======== Records to process ========
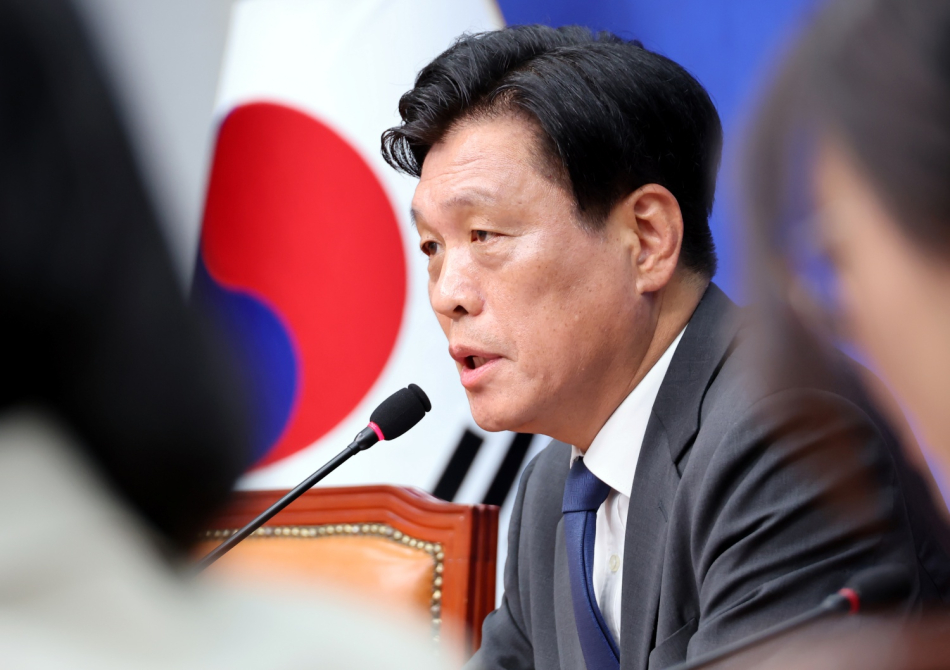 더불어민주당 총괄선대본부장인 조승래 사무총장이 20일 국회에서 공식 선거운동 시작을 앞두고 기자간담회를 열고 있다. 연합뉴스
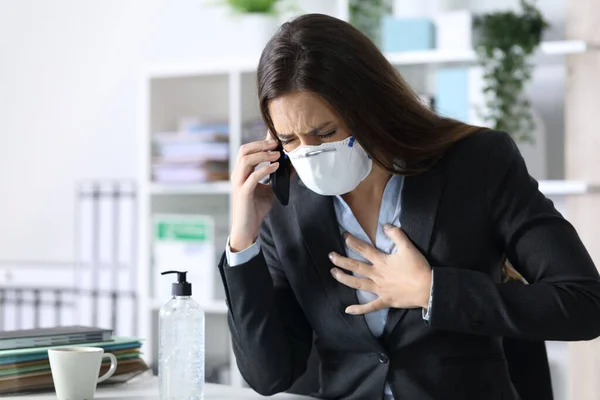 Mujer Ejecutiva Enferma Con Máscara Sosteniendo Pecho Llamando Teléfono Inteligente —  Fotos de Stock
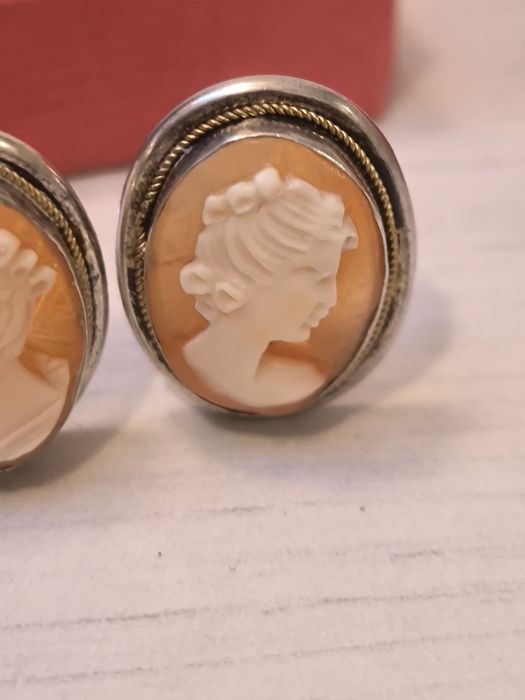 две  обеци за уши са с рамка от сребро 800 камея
========
======== Records to process ========
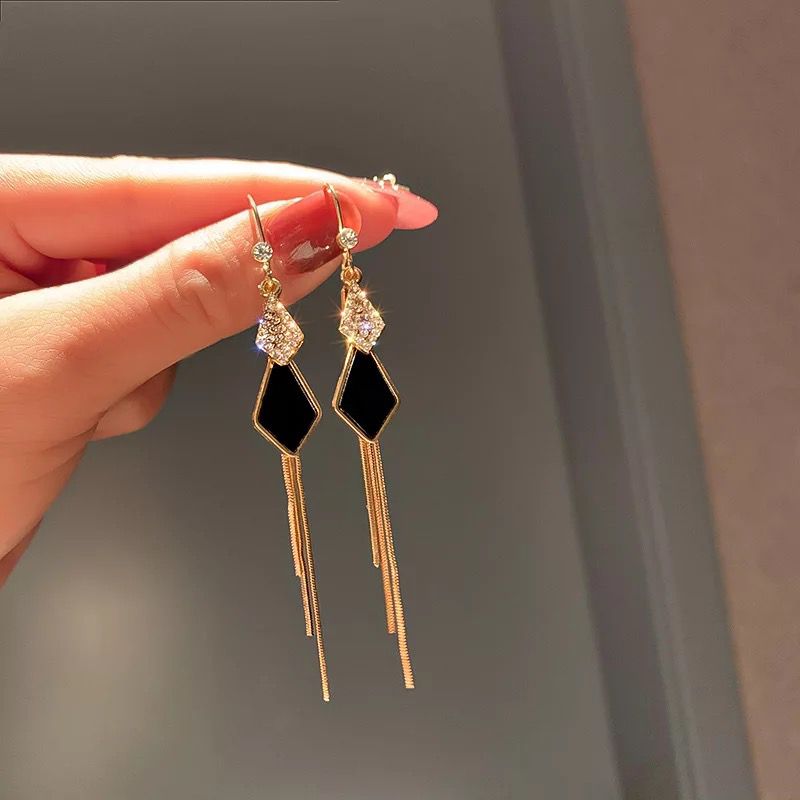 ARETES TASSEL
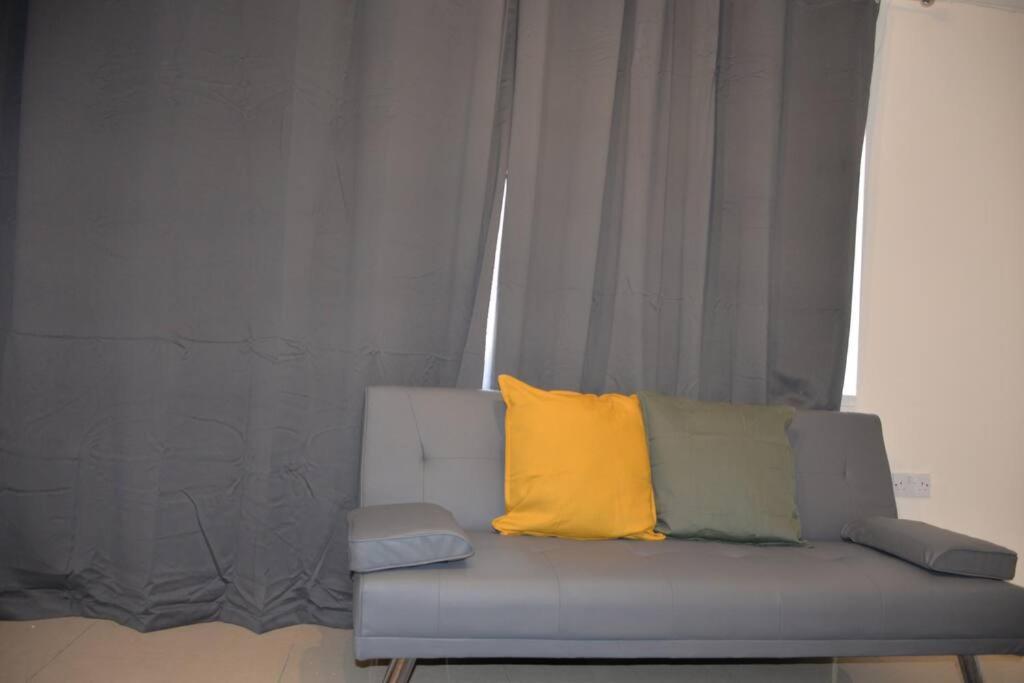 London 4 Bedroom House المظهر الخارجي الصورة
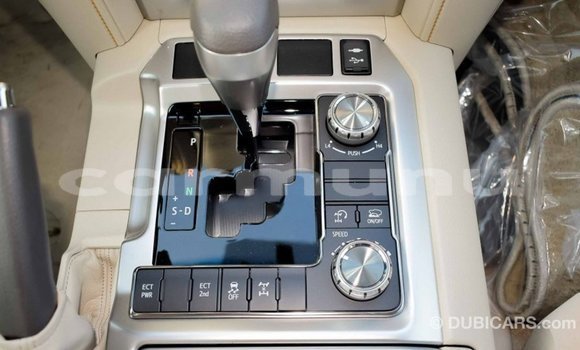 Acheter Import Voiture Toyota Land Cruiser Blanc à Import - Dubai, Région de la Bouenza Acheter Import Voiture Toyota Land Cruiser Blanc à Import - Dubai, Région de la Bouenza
========
_What the exercise asks_
For the data above, set down exactly the lines from the line with "더불어민주당 총괄선대본부장인 조승래" to the line with "сребро 800 камея", both included, leaving pictures out.

_Expected answer_
 더불어민주당 총괄선대본부장인 조승래 사무총장이 20일 국회에서 공식 선거운동 시작을 앞두고 기자간담회를 열고 있다. 연합뉴스
 Mujer Ejecutiva Enferma Con Máscara Sosteniendo Pecho Llamando Teléfono Inteligente —  Fotos de Stock
 две  обеци за уши са с рамка от сребро 800 камея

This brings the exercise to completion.